• **WHAT THE EXERCISE ASKS**
Find and copy each line of the listing below that has the word "Track" in it.

-------

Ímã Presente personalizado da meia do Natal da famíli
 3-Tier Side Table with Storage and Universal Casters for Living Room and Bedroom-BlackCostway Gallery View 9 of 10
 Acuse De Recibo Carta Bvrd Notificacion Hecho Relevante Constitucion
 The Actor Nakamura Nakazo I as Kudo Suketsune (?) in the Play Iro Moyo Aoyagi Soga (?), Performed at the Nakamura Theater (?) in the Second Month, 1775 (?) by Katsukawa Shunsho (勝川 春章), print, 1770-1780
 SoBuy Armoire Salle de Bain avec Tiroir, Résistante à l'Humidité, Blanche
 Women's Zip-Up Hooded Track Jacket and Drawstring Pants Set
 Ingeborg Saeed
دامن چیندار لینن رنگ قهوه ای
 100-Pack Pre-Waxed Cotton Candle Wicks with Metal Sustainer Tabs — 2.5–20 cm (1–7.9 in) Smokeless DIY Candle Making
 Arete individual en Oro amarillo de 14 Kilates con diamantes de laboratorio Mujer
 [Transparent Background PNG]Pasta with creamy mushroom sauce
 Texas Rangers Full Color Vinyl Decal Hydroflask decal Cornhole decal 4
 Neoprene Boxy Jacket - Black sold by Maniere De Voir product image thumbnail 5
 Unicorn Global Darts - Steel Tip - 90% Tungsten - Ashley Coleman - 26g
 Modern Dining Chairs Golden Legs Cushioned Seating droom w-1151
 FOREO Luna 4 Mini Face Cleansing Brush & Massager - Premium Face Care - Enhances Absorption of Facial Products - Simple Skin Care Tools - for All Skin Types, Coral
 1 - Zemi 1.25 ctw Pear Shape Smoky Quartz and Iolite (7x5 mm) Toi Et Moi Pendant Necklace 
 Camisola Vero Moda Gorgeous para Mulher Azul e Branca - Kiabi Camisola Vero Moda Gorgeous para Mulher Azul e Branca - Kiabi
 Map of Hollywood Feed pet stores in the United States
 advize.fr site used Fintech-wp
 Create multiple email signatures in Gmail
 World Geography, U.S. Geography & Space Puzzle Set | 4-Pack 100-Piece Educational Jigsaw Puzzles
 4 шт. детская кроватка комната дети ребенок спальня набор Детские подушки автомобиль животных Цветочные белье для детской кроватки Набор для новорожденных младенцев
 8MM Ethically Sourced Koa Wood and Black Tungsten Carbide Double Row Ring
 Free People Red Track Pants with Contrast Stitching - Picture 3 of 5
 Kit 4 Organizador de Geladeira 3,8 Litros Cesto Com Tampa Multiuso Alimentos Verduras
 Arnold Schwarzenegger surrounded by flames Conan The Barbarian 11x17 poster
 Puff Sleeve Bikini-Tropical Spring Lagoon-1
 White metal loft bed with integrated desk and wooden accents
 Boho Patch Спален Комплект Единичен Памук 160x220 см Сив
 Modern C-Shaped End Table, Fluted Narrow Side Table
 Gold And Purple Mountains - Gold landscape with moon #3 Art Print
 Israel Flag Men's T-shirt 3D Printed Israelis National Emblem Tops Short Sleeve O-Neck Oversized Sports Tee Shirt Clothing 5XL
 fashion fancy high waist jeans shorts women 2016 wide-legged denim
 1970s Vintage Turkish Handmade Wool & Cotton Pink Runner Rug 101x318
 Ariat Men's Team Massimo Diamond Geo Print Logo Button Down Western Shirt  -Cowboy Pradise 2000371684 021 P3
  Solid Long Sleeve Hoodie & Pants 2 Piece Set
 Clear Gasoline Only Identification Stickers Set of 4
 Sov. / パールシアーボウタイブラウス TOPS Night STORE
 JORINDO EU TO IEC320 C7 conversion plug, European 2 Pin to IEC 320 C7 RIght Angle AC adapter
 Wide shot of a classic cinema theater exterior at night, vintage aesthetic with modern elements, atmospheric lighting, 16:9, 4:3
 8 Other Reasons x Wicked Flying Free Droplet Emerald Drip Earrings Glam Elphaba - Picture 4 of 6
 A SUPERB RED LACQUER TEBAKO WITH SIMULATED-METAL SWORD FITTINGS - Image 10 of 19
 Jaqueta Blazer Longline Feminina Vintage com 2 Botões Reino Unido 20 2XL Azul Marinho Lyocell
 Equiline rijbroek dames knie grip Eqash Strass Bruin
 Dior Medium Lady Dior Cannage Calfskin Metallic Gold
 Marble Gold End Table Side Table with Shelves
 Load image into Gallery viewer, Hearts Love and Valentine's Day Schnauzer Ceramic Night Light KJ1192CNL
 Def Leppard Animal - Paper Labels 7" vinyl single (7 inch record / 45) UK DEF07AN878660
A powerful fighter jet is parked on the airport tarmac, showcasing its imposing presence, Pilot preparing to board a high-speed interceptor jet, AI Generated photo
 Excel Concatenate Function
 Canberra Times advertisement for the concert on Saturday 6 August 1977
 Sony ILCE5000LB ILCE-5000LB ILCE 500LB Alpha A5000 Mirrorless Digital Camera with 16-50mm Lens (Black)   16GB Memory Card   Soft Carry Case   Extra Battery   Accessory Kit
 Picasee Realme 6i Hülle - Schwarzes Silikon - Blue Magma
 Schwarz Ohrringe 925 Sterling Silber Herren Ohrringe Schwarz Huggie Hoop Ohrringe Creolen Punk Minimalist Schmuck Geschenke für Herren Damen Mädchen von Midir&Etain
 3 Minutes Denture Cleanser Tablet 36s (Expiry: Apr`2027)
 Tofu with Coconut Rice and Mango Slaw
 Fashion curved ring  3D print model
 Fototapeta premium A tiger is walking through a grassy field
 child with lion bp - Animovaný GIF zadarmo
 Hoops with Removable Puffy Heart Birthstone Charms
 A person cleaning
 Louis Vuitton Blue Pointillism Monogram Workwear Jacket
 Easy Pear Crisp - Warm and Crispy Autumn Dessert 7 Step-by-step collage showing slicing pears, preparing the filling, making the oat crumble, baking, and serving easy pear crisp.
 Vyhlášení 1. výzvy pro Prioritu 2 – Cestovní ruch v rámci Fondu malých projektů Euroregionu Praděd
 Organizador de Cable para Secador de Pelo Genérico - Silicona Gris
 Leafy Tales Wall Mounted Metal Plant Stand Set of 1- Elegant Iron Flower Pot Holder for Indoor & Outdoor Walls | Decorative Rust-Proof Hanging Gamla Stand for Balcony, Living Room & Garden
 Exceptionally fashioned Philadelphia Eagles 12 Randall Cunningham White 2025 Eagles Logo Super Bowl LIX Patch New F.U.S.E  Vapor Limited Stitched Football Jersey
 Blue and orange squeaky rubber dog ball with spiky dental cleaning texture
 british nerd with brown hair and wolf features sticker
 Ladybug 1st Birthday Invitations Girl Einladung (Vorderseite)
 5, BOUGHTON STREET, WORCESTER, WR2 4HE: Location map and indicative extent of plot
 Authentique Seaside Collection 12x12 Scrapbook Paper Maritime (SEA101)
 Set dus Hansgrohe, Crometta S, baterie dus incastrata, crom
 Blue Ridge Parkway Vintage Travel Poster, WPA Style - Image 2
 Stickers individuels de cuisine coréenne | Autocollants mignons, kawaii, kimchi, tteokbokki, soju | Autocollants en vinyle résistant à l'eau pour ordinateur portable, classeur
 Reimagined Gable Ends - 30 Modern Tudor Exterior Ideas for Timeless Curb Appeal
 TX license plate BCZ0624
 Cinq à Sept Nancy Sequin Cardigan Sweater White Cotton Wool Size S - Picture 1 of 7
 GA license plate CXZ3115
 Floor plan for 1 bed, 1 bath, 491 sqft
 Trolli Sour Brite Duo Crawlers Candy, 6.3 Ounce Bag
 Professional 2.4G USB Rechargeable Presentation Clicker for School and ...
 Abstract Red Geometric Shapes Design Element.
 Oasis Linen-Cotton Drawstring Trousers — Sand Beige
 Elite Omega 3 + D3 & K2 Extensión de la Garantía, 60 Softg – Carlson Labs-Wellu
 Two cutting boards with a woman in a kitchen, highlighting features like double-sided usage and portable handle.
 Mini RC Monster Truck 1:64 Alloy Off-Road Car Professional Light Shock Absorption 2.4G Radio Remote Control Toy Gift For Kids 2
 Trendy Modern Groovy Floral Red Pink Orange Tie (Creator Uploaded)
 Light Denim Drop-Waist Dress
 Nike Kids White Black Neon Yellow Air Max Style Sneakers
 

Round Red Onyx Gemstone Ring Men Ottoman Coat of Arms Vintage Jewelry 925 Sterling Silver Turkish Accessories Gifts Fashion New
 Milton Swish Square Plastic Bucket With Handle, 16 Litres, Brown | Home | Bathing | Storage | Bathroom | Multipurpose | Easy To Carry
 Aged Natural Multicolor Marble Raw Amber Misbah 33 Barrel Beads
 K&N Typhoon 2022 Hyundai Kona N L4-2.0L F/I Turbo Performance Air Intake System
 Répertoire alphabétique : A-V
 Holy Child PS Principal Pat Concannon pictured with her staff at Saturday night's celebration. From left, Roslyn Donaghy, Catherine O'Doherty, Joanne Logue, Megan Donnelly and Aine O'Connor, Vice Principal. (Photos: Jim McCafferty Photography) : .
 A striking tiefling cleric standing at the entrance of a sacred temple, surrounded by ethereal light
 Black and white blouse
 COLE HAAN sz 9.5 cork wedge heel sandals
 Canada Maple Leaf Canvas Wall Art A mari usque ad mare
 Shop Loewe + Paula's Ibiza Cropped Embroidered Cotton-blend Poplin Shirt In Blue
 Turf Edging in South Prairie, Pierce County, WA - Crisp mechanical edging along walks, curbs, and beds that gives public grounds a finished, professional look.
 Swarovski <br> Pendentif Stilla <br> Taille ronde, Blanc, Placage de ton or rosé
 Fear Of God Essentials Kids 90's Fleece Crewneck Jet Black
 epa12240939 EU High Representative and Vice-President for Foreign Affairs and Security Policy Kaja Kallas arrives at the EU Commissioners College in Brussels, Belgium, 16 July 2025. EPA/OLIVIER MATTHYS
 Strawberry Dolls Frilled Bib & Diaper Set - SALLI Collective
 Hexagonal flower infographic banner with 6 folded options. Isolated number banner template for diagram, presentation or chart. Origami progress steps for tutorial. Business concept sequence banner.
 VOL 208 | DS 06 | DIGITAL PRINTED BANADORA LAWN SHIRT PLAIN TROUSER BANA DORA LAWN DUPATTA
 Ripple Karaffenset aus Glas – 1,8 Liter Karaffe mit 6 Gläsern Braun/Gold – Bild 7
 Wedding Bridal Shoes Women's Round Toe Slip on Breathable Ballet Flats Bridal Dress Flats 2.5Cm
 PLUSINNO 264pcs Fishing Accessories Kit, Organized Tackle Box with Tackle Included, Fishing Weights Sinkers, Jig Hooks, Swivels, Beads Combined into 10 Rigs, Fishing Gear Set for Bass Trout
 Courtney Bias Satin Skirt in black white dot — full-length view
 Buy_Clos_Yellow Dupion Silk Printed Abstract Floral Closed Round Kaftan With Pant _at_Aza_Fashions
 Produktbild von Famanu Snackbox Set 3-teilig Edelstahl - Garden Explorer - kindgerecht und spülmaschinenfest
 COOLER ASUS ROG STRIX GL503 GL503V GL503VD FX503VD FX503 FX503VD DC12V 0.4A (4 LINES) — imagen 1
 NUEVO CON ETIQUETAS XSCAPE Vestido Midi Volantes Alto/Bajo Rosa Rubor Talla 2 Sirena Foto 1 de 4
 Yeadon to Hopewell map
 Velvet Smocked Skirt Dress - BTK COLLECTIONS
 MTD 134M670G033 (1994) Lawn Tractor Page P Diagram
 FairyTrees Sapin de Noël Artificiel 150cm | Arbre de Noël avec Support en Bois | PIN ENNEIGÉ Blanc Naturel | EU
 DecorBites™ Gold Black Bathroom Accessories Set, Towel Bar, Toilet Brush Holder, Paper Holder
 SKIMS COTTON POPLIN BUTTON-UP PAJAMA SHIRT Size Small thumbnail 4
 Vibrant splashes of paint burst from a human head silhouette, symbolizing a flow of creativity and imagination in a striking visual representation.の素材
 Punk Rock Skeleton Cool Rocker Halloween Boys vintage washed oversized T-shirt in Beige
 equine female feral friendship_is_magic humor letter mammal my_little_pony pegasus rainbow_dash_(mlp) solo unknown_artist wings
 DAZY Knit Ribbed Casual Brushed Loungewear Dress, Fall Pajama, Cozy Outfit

-------

• **OUTPUT FOR THIS TASK**
 Women's Zip-Up Hooded Track Jacket and Drawstring Pants Set
 Free People Red Track Pants with Contrast Stitching - Picture 3 of 5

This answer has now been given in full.